# INFORMATION SUPPLIED:

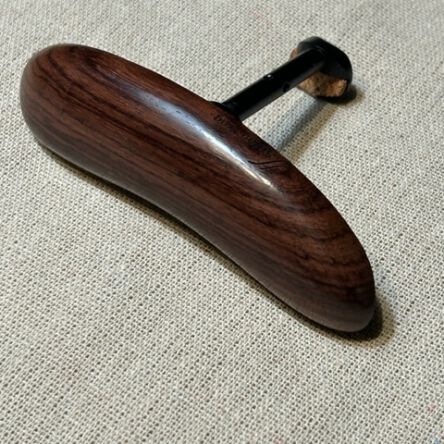 Chinrest Vla – Rosewood - Bottom-mounted Black Fittings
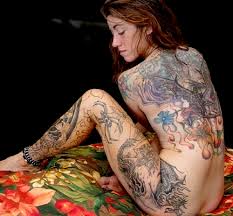 skull and crossbones tattoo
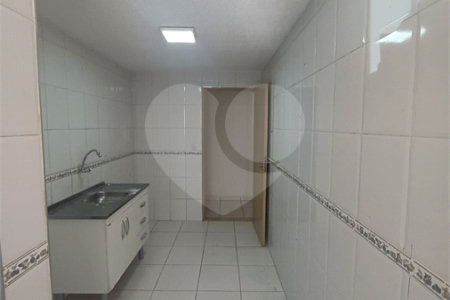 Apartamento à venda com 2 quartos em Jardim Santa Mônica, São Paulo, SP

# TASK PROMPT:
Return the material from above in full, exactly as written, with the pictures omitted.

# RESULT:
 Chinrest Vla – Rosewood - Bottom-mounted Black Fittings
 skull and crossbones tattoo
 Apartamento à venda com 2 quartos em Jardim Santa Mônica, São Paulo, SP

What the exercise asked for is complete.